Pisa a tavola


Pisa a tavolaCome si mangia a Pisa: bene o male? Fatalmente la qualità di una cucina municipale e provinciale, oggi, si misura nei ristoranti, nelle trattorie. E allora, con estrema franchezza, diremo che a Pisa e nel Pisano si mangia meno bene che a Lucca e nella Lucchesia, ma di sicuro meglio, molto meglio, che nella vicina Livorno. Questo non dipende tanto dai locali e dai loro proprietari, dagli chef, dagli osti, quanto dai consumatori. Pisani e lucchesi sono rimasti legati alle loro tradizioni, amano ancora i piatti umili dei loro nonni, magari corretti e resi meno pesanti, arricchiti da qualche optional. I livornesi no: scialoni come sono (e perciò poco toscani), quando allungano le gambe sotto i tavoli dei ristoranti, si vendicano della passata miseria ordinando pesci pregiati e aragoste, mazzancolle, scamponi, astici, niente baccalà, niente carciofi ritti.

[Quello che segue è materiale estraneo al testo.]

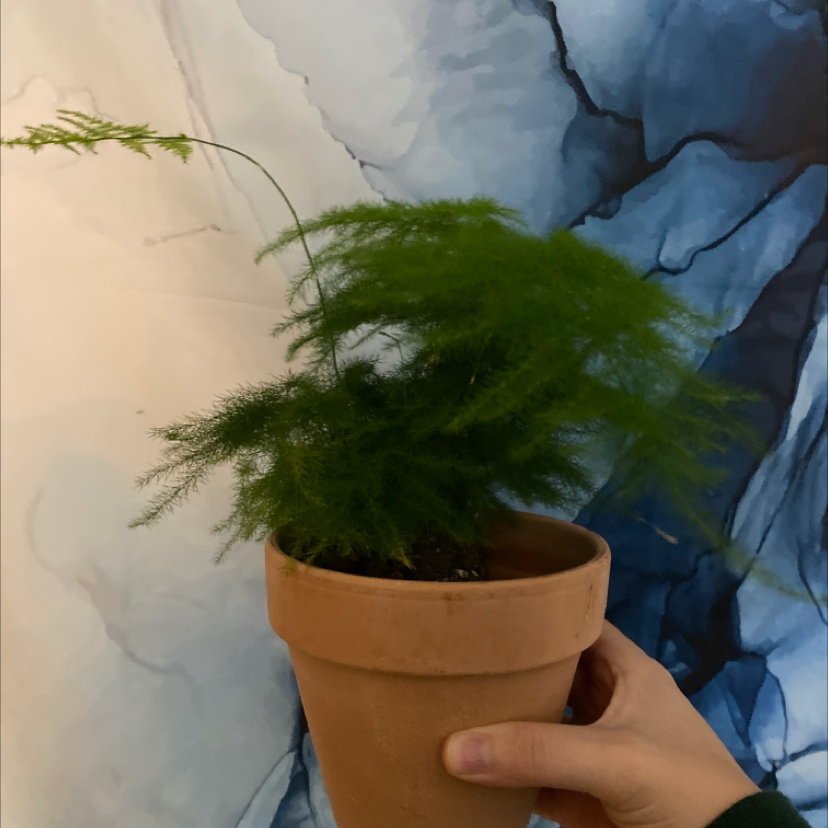 Hand holding up a healthy, lush Asparagus Fern houseplant with green, feathery foliage growing in a terracotta pot.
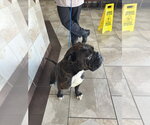 Small Photo #7 Bulldog Puppy For Sale in Oak Bluffs, MA, USA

A Pisa, invece, è ancora possibile gustare le pietanze elaborate con i produtti del suo territorio. E se il turismo di massa e la grande popolazione studentesca abbassano il levello medio della ristorazione, è pur vero che la cultura e la cività non sono acqua e i loro frutti il riscontriamo in qualche locale dove la buona cucina si trasforma in gastronomia raffinata. Nemica giurata di Firenze. Pisa non ne ha assorbito usi e costumi, almeno in cucina, nei lunghi secoli di umiliante dominazione medicea e granducale. Il confine gastronomico tra Firenze e Pisa, andando in auto da Empoli verso Pontedera, lo scopriamo allorchè le trattorie paesane non ci propongono più la pappa al pomodoro, la ribollita e la pasta e fagioli. Lo stacco è netto.

Si lascia un mondo per entrare in un altro. La ribollita e la zuppa di pane pisana sono l’espressione di due mentalità diverse: capziosa quella fiorentina, diretta quella pisana. Pisa, a differenza di Lucca, non ha il contributo della montagna, e si sente: in compenso può vantare i tartufi di San Miniato, il centro che fino a ieri l’altro dipendeva da Firenze. E questo soddisfa lo spirito di rivincita che nei pisani autentici non ha mai cessato di vibrare.